Angka petambahan alami, yang merupakan selisih antara jumlah yang lahir
dengan yang meninggal di kota Kediri tahun 2004 mencapai 923 jiwa. Jumlah
penduduk yang pindah atau keluar meninggalkan kota Kediri lebih banyak
dibandingkan yang datang ke kota Kediri. Hal ini dapat diketahui dari angka
migrasi netto yaitu selisih penduduk yang datang dikurangi yang pindah, di mana
tahun 2004 mencapai negatif 732 jiwa. Tingkat kepadatan penduduk kota kediri
pada tahun 2004 telah mencapai 3.804 jiwa per km². Apabila dirinci menurut
kecamatan, maka kecamatan kota mempunyai tingkat kepadatan penduduk paling
tinggi dibandingkan dengan dua kecamatan lainnya yaitu mencapai 5.737 jiwa per
km², sedangkan kecamatan mojoroto mencapai 3.505 jiwa per km² dan 2.906 jiwa
per km² untuk kecamatan pesantren (BPS, 2005: 40-42).

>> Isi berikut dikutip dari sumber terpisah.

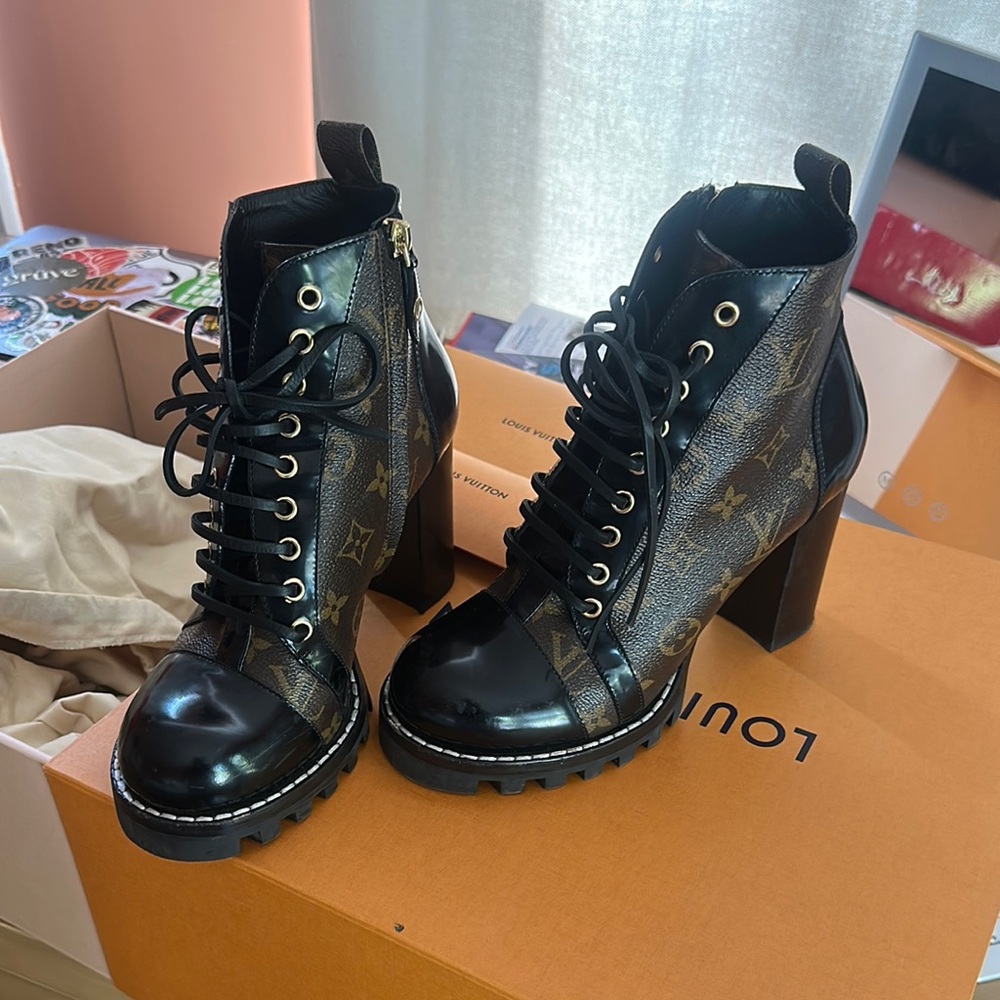 Louis Vuitton Black and Brown Heeled Boots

Jumlah pencari kerja pada tahun 2004 meningkat sebanyak 1.266 orang
dari 2.632 orang pada tahun 2003. Jumlah pencari kerja pada tahun 2004
sebanyak 3.898 orang dengan persentase perempuan adalah 57 persen dan 43
persen adalah laki-laki. Peningkatan jumlah pencari kerja yang mencapai 48,1
persen pada periode 2003-2004 tidak diikuti dengan peningkatan jumlah
penempatan tenaga kerja atau yang diterima kerja yang mencapai 442 orang di
tahun 2004 (BPS, 2005: 58).
Besaran upah minimum kota Kediri terus mengalami peningkatan dari
tahun ke tahun dengan besarnya inflasi, yaitu 361.250 rupiah pada tahun 2002
meningkat sebesar 31,36 persen dibanding tahun 2001, pada tahun 2003 mencapai
415.000 rupiah, meningkat sebesar 14,86 persen dan tahun 2004 mencapai
480.000 rupiah, meningkat sebesar 15,66 persen (BPS, 2005: 62-63).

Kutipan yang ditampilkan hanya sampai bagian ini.